Munculnya bentrokan Cikeusik menurut Ketua Komisi III DPR RI Tjatur Sapto Edi disebabkan intervensi pihak luar, meskipun beliau tidak menyebutkan siapa dalang terjadinya keributan tersebut. Namun sudah dapat dipastikan adalah karena ketidakmampuan Hj. Atut Chosiah sebagai Gubernur Banten sebagai wakil pemerintah di tingkat Provinsi yang memiliki tugas menjaga dan mengamalkan ideologi Pancasila dan kehidupan demokrasi di Banten.
Setelah terjadi kerusuhan Cikeusik, Gubernur Banten menutupi ketidakmampuannya dalam memenej Banten dengan menerbitkan Peraturan Gubernur Banten Nomor 5 Tahun 2011 tentang Larangan Aktivitas Anggota Jemaah Ahmadiyah di wilayah Provinsi Banten. sebagai antisipasi terjadinya kerusuhan ulang seperti yang terjadi di Cikeusik. Namun Pergub tersebut dianggap salah kaprah oleh M. Hanif Dhakiri, Ketua DPP PKB dan Sekretaris FPKB DPR RI. Karena Pergub tersebut telah melanggar UU 1945 dan Pasal 10 UU 32 tahun 2004 tentang Pemerintah Daerah.
Pergub ini sebagai contoh keteledoran Gubernur Banten Hj. Atut Chosiah yang tidak cermat dan teliti dalam mengambil kebijakan. Gubernur Banten dalam Pergub ini menangani masalah dengan melanggar Undang-Undang. kebijakan yang telah menyepelekan nilai-nilai demokrasi yang telah dibangun dengan genangan darah dan cucuran air mata oleh mahasiswa Indonesia tahun 1998.

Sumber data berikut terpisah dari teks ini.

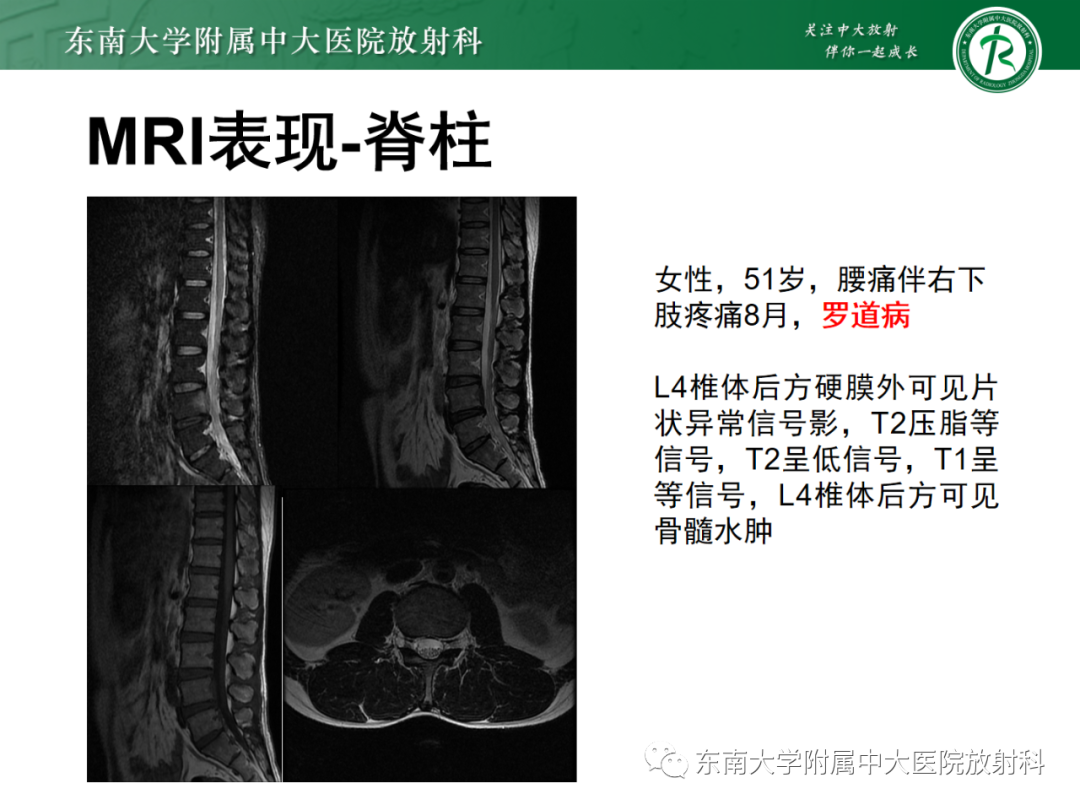 影像PPT - 【PPT】中枢神经系统罗道病-20 影像PPT - 【PPT】中枢神经系统罗道病-20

Haji Wahidin Halim dalam kebijakannya sangat berbeda pendapat tentang Pergub yang dinilai melanggar Undang-Undang tersebut. Menurutnya, beliau lebih memilih jalur lain dibanding harus melanggar Undang-Undang, meskipun dalam pengakuannya Haji Wahidin Halim lebih keras terhadap jamaah Ahmadiyah namun tidak melanggar demokrasi. dan Haji Wahidin Halim mengajak warga Ahmadiyah untuk berfikir cerdas dalam menyikapi kasus-kasus yang terjadi. Sehingga dalam bermasyarakat, warga Ahmadiyah di Kota Tangerang lebih arif dan tidak mengajarkan dan memaksakan agama yang dianutnya kepada orang lain yang berbeda kepercayaan.